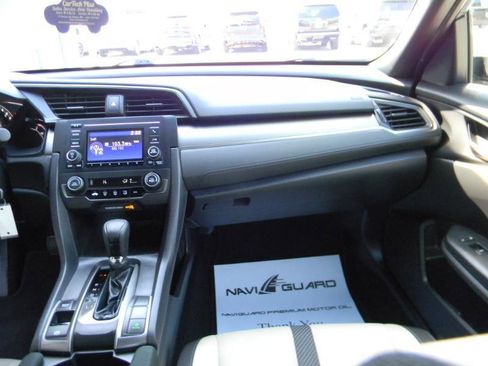 Used 2018 Honda Civic LX image 17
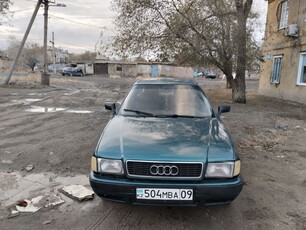 автомобиль-ауди-80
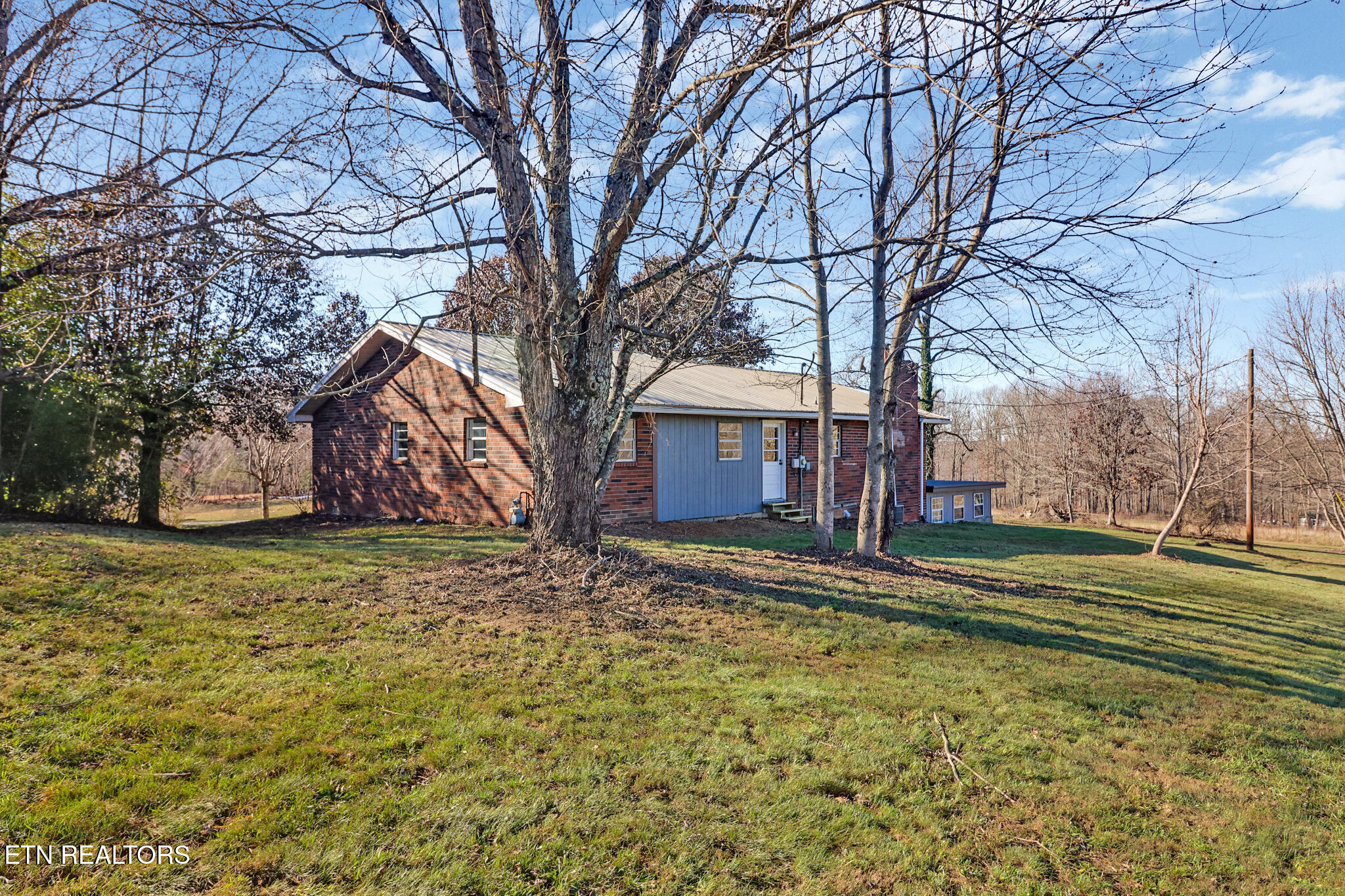 146 S Country Drive Property Photo 5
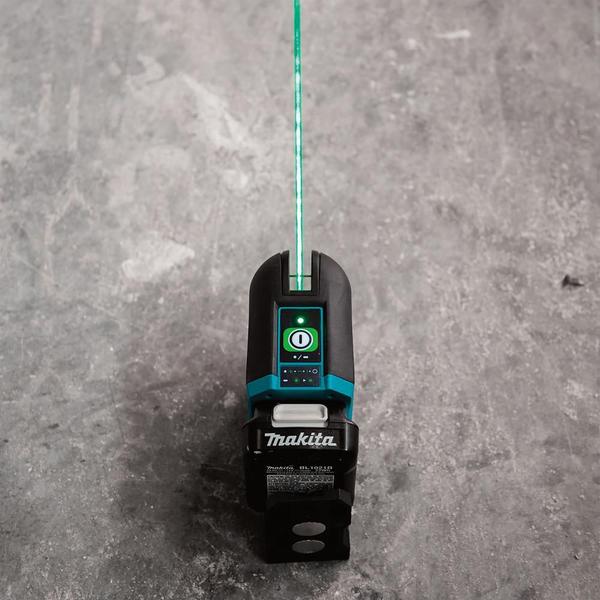 Imagem de Nivelador Laser de Linhas Cruzadas 25M SK105GDZ Makita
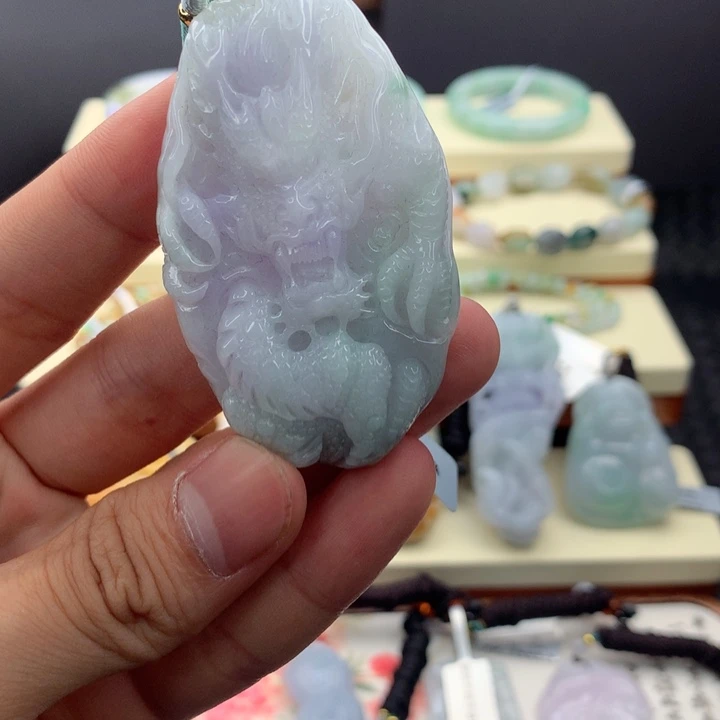 翡翠未镶嵌颈饰吊坠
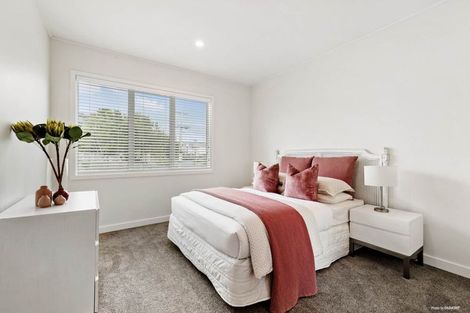 Photo of property in 7 The Bays Rise, Murrays Bay, Auckland, 0630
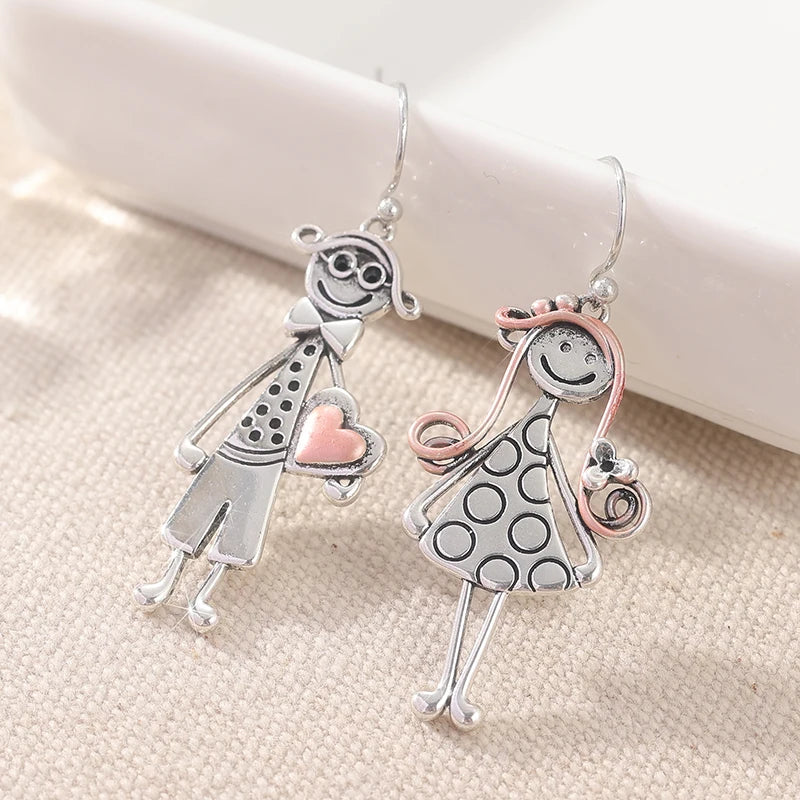 Creative Fashion Boy and Girl Pattern Dangle Earrings Women Vintage Silvery Plated Festival Pendant Earrings Jewelry Accessories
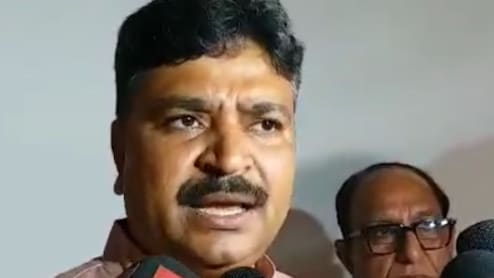 राजस्थान में सियासी गणित बैठाने के लिए किया गया निकायों का परिसीमन- टीकाराम जूली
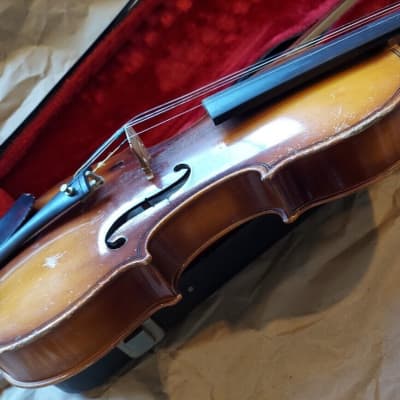 Japan Stradivarius size 4/4 full-size violin, Very Good Condition, case & bow image 9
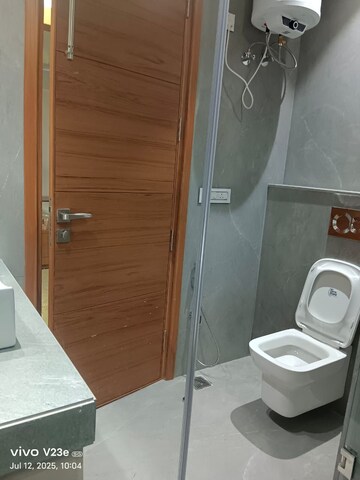 Bathroom in 3 BHK Builder Floor at Sector 9 Panchkula – for Rent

• What to do
Write out an exact copy of the lines beginning at the line that contains "राजस्थान में सियासी" and ending at the last line of the listing. Exclude pictures.

• Finished exercise
 राजस्थान में सियासी गणित बैठाने के लिए किया गया निकायों का परिसीमन- टीकाराम जूली
 Japan Stradivarius size 4/4 full-size violin, Very Good Condition, case & bow image 9
 Bathroom in 3 BHK Builder Floor at Sector 9 Panchkula – for Rent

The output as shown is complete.